Segment Open
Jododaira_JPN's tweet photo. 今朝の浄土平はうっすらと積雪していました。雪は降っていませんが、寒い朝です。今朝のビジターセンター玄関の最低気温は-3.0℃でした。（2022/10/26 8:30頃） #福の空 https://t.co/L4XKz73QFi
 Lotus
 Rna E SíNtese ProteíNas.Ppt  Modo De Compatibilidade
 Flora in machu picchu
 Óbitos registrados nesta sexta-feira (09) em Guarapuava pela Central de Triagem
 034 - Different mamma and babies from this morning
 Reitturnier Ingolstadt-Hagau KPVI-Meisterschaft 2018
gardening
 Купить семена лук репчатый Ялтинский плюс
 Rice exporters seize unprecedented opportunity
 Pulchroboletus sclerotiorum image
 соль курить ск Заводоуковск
Segment Closed
Work instruction. Copy out the lines above word for word, stopping after the line containing "Reitturnier Ingolstadt-Hagau KPVI-Meisterschaft".

Task solution.
Jododaira_JPN's tweet photo. 今朝の浄土平はうっすらと積雪していました。雪は降っていませんが、寒い朝です。今朝のビジターセンター玄関の最低気温は-3.0℃でした。（2022/10/26 8:30頃） #福の空 https://t.co/L4XKz73QFi
 Lotus
 Rna E SíNtese ProteíNas.Ppt  Modo De Compatibilidade
 Flora in machu picchu
 Óbitos registrados nesta sexta-feira (09) em Guarapuava pela Central de Triagem
 034 - Different mamma and babies from this morning
 Reitturnier Ingolstadt-Hagau KPVI-Meisterschaft 2018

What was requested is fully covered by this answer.